Updating Elasticsearch

From translatewiki.net

This document describes the process of updating the Elasticsearch version running on translatewiki.net.

We then begin making changes on the server.

  • Set wgDisableSearchUpdate = true and wgTranslateTranslationDefaultService = false in LocalSettings.php in canary.
  • Check that canary shows This wiki does not have a translation search service. when accessing Special:SearchTranslations and then deploy the change.
  • Clone and run the Gerrit patch change to remove the old version of Elasticsearch. Once the old version of Elasticsearch is removed, the patch can be abandoned.
    • If there is a failure when removing a plugin, see the section below to debug the issue.
    • Verify that the Elasticsearch service is no longer running.
  • Clone the Gerrit patch that updates Elasticsearch, and run themake noop command to verify that everything works properly.
  • Then run make apply to actually perform the update.
    • Verify that the Elasticsearch service is now back up and running.
  • The Elasticsearch update patch on Gerrit can be merged.

Next we will rebuild the search and translation memory indexes. Note that for minor version updates of Elasticsearch, it may not be necessary to rebuild the entire search index.

  • Run search-reindex script that rebuilds the search index.
  • Start a screen and run nice bash search-reindex. This is a long-running script. See the section below for more details on how to review the output of this script.
    • See section below to determine if a failure occurred that needs to be fixed.
  • Remove $wgDisableSearchUpdate from LocalSettings.php and deploy.
  • In a separate screen, run nice php extensions/Translate/scripts/ttmserver-export.php > ttmserver-export.log. After the process ends, review the log file to see if there were any errors.
  • Remove $wgTranslateTranslationDefaultService from LocalSettings.php and deploy.
  • Verify that Special:SearchTranslations no longer shows that there are no translation search services.
  • After both the commands have finished running, remove the site notice.

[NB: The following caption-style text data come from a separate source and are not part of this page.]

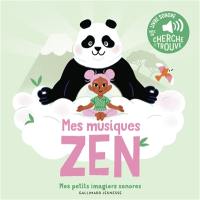 Mes musiques zen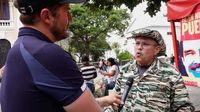 Venezuela’s Maduro not backing down after Trump threats | CNN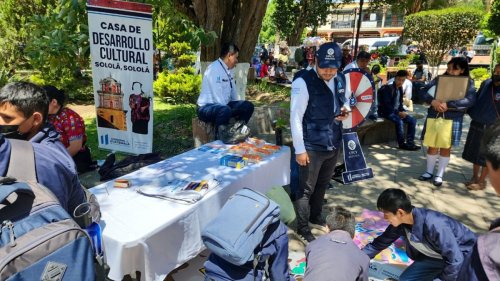 Festival por la Paz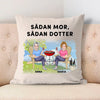 Sådan mor, sådan dotter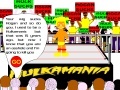Jogo Destroy Hulkamania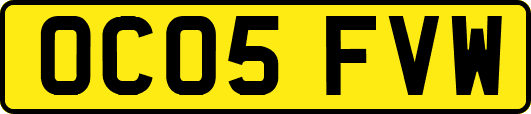 OC05FVW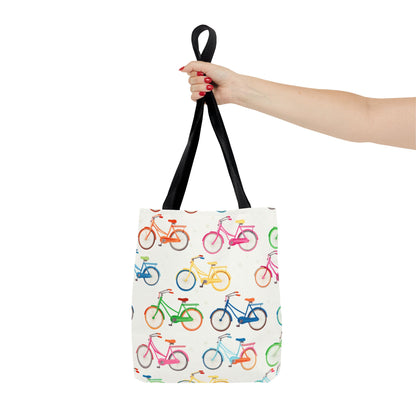 Dutch Bike Pattern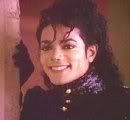 Michael's smile! Lkjn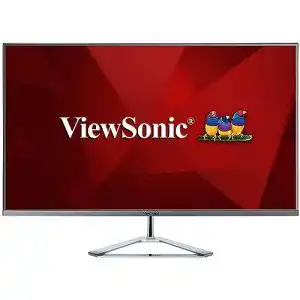 Monitor mit Lautsprecher ViewSonic VX3276-2K-MHD-2, 32 Zoll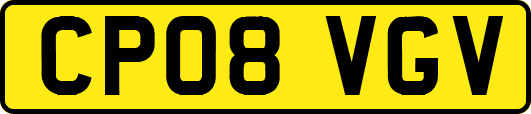 CP08VGV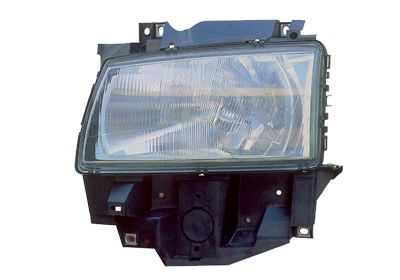 VAN WEZEL 5875961 - Hauptscheinwerfer
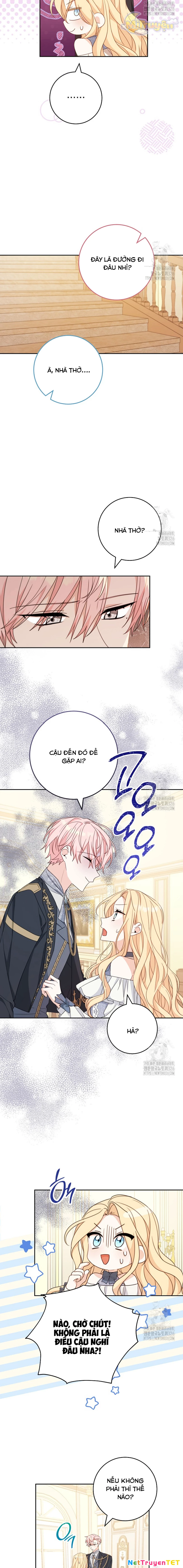 Tôi Đã Phạm Sai Lầm Rồi Chapter  50 - 2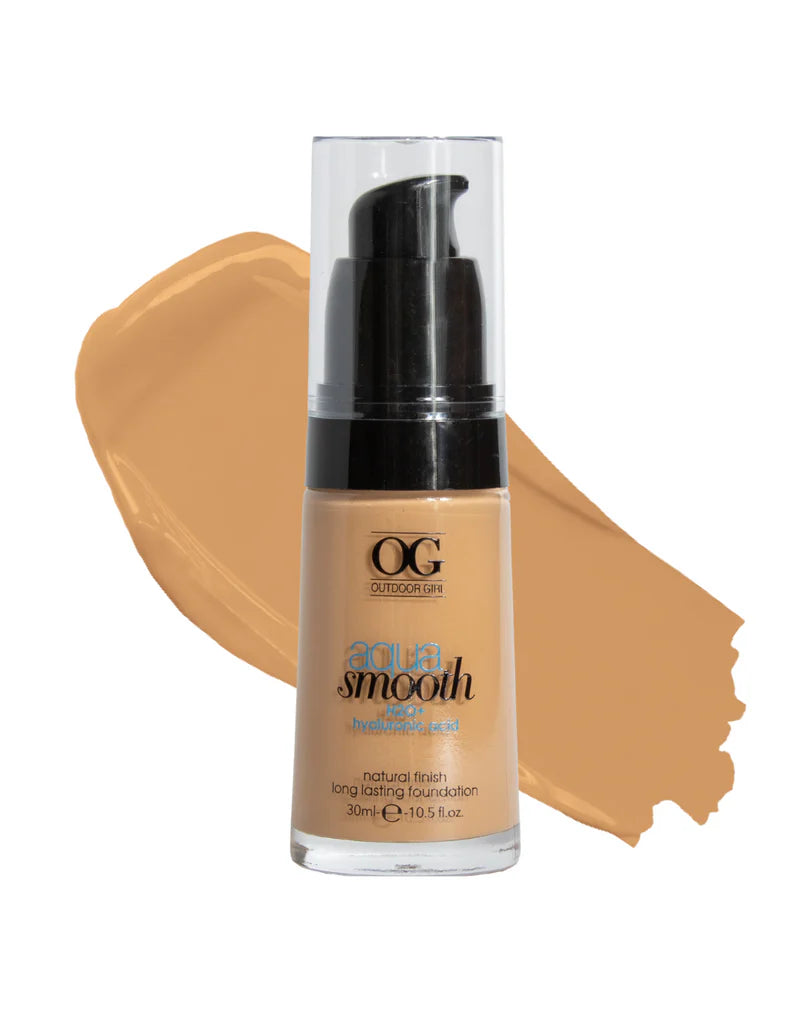 Base Aqua Suave De Larga Duración- Og Colombia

Handling Elasticsearch plugin uninstall failure

  • Comment out the plugin that is having the failure in mwelasticsearch.pp.
  • Remove the plugin manually. Example: rm -rf /usr/share/elasticsearch/plugins/experimenal-highlighter.
  • Run puppet again.

Reviewing search-reindex output

The search-reindex command generates two files: reindex.log, and then reindex-2.log by two different commands. If reindex-2.log is not present that means that the first command failed and hence the second command wasn't run.

To determine if there is an error, take a look at the re-index log files. A non-zero Exitval denotes a failed command run.

Seq	Host	Starttime	JobRuntime	Send	Receive	Exitval	Signal	Command
1	:	1668081198.336	     0.881	0	110	0	0	php /srv/mediawiki/workdir/extensions/CirrusSearch/maintenance/ForceSearchIndex.php --skipLinks 1 --indexOnSkip 1 --batch-size 50 --fromId 711 --toId 1211
8	:	1668081198.499	     1.020	0	108	0	0	php /srv/mediawiki/workdir/extensions/CirrusSearch/maintenance/ForceSearchIndex.php --skipLinks 1 --indexOnSkip 1 --batch-size 50 --fromId 4211 --toId 4711
7	:	1668081198.469	     1.157	0	110	0	0	php /srv/mediawiki/workdir/extensions/CirrusSearch/maintenance/ForceSearchIndex.php --skipLinks 1 --indexOnSkip 1 --batch-size 50 --fromId 3711 --toId 4211
6	:	1668081198.436	     1.213	0	108	0	0	php /srv/mediawiki/workdir/extensions/CirrusSearch/maintenance/ForceSearchIndex.php --skipLinks 1 --indexOnSkip 1 --batch-size 50 --fromId 3211 --toId 3711
3	:	1668081198.346	     1.358	0	110	0	0	php /srv/mediawiki/workdir/extensions/CirrusSearch/maintenance/ForceSearchIndex.php --skipLinks 1 --indexOnSkip 1 --batch-size 50 --fromId 1711 --toId 2211

You can run that specific command again manually to determine what went wrong.